"Race" in College Applications FAQ & Discussion 12

Not EVERYONE has that view of Dartmouth. My dad is in the National Academy of Engineering and has quite the resume. When he heard that a local kid was going to Dartmouth, he asked, “Why in the world would he want to go there?” Cracked me up.

Fwiw I think Georgetown is “better” than Dartmouth. Well, at least equivalent.

Thanks! I think there are some people that are truly hung up on going to an Ivy or Stanford/MIT. I guess it depends on who you ask.

Dartmouth is quite different from HYP though.

Here is precisely what I mean about the schools losing their focus and have a bloated administrative bureaucracies.

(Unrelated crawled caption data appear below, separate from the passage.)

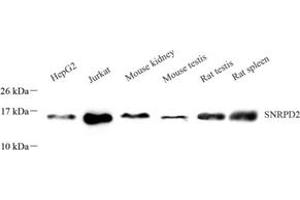 Western blot analysis of SNRPD2 (ABIN7075634) at dilution of 1: 1000 (SNRPD2 抗体)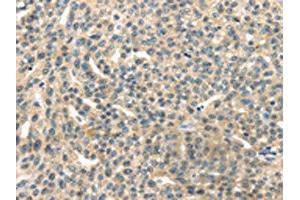 The image on the left is immunohistochemistry of paraffin-embedded Human esophagus cancer tissue using ABIN7192147(RASA2 Antibody) at dilution 1/45, on the right is treated with synthetic peptide. (RASA2 antibody)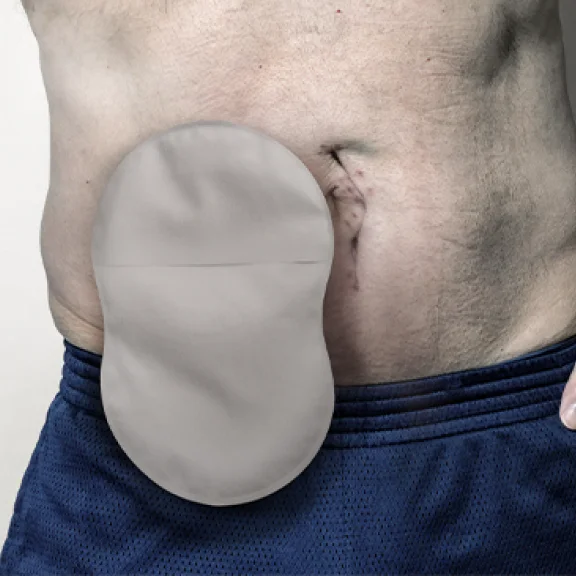 A closeup shot of a man wearing an 8-shaped ostomy pouch with Leak Defense™.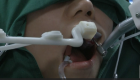 بالفيديو.. روبوت يجري أول جراحة أسنان دون تدخل بشري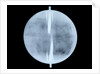 Globe x-ray by Thomas Patrick
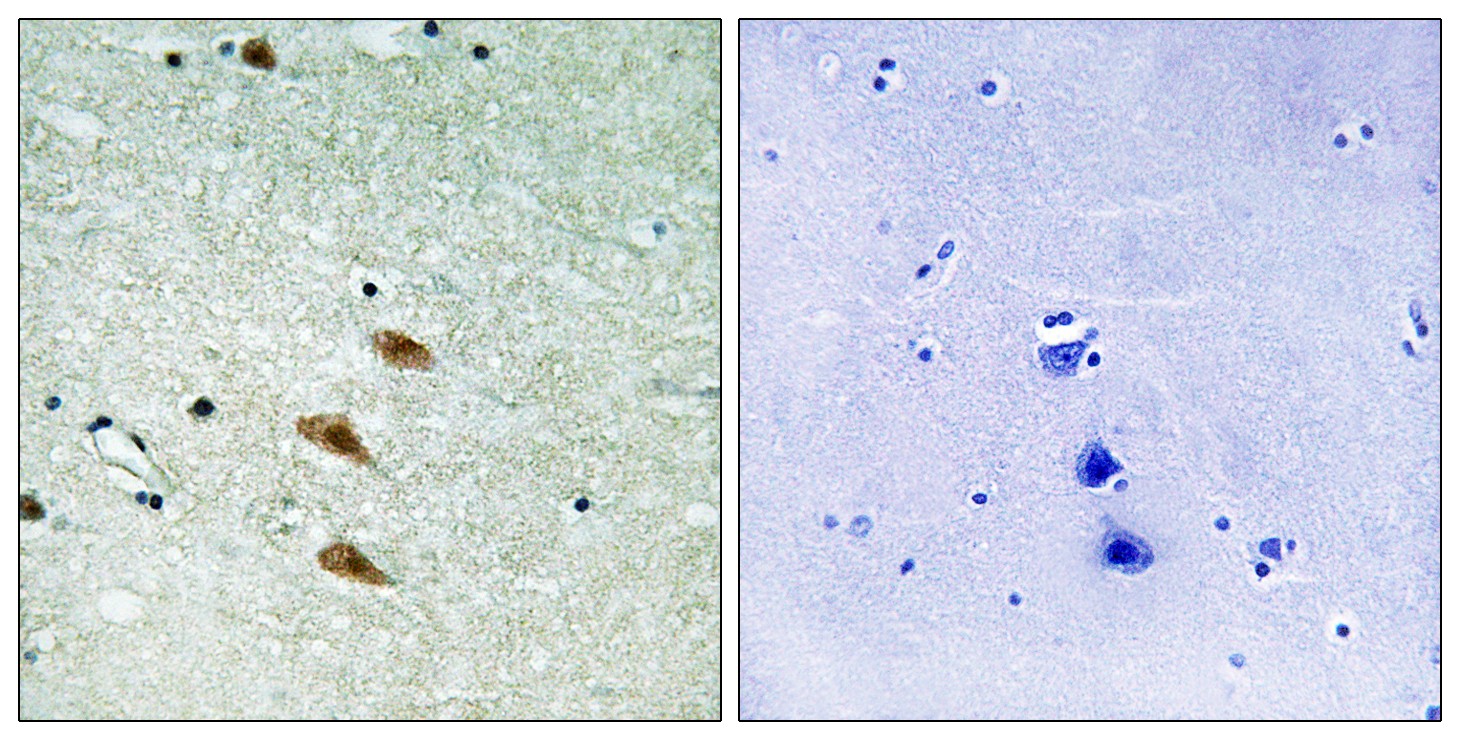 Topo IIα Polyclonal Antibody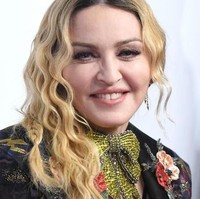 Madonna disebut sebagai wanita yang ingin melawan penuaan. Sejumlah pakar kecantikan menyebut bahwa wajah Madonna yang terkadang terlihat bengkak adalah hasil dari filler. Kebanyakan filler bisa menyebabkan wajah klien jadi bengkak, tidak natural dan terlihat tua, ujar Katherine Millar-Shannon, suster yang biasa mendampingi dokter bedah plastik.  Foto: AFP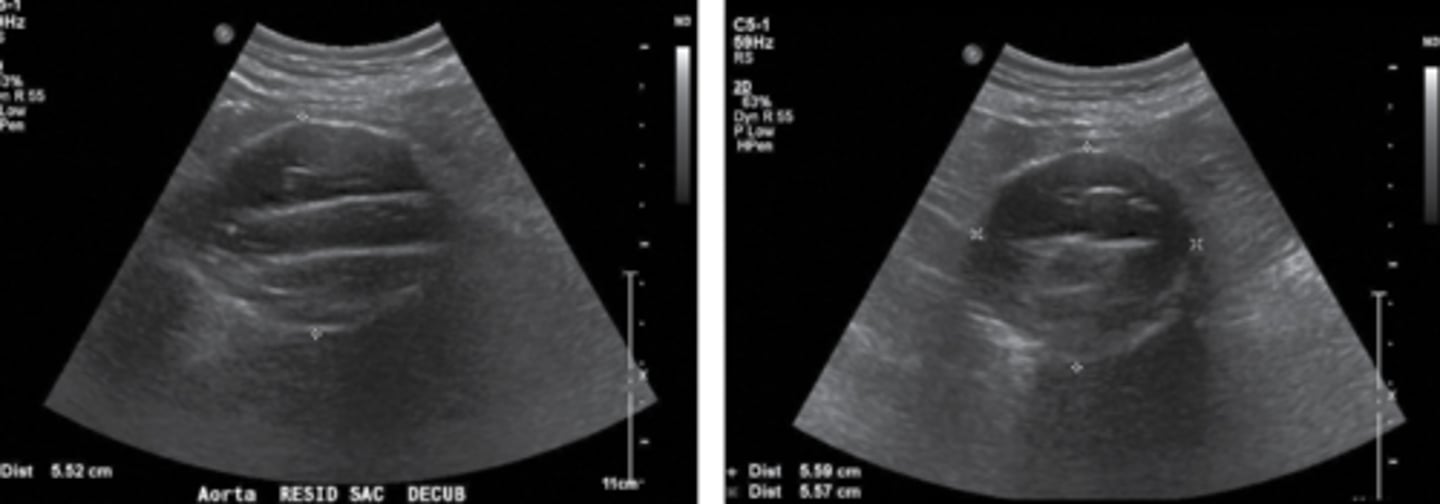 <p>Homogenous</p><p>Heterogeneous/spongy = endoleak</p>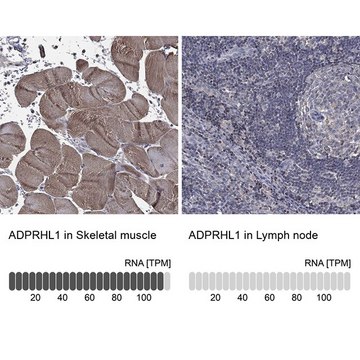 Anti-ADPRHL1 antibody produced in rabbit Prestige Antibodies&#174; Powered by Atlas Antibodies, affinity isolated antibody, buffered aqueous glycerol solution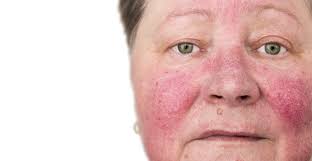 rosacea treatments skin and laser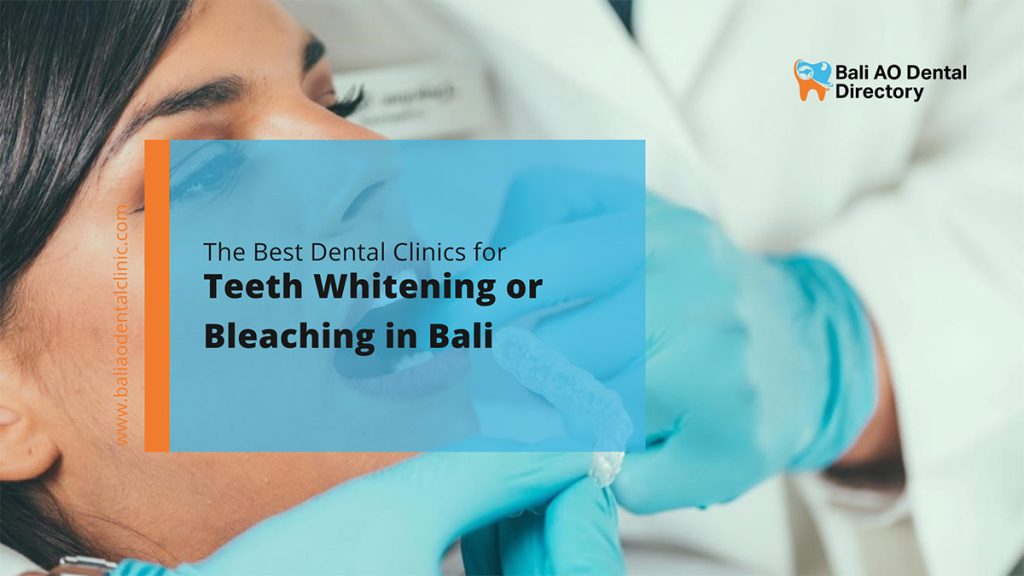 do all dentists do teeth whitening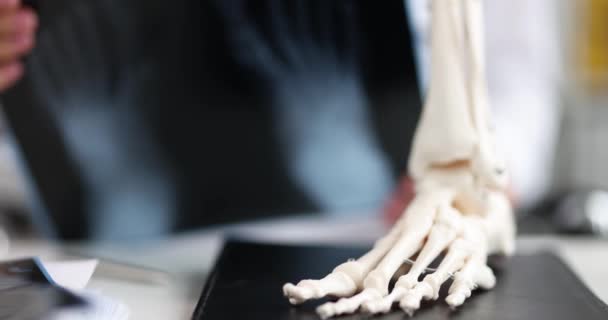 Surgeon examines x-ray of anatomy of foot — стоковое видео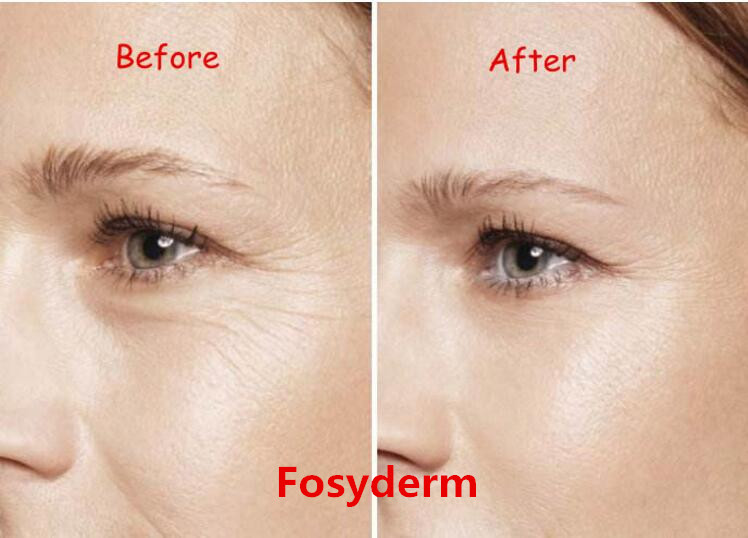2ml Fine Hyaluronic Acid Dermal Filler , Injectable Fillers For The Face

https://www.thecollegefix.com/ohio-state-employs-88-diversity-related-staffers-at-a-cost-of-7-3m-annually/

Ohio State isn’t elite and all ot this is going on at an even higher cost at the elite schools. This is all nonsense and wasted money that should be eliminated by having admissions be transparent and based on merit. It’s absolutely ludicrous for OH St to be worrying about diversity and racial issues. It’s not the purpose or function of state schools funded by tax payors. The way out of this is for the SCOTUS to strike down all race based admissions and to enforce complete and total transparency to the process for any school that accepts any state or federal money. Anything else is illegal as the court will soon rule.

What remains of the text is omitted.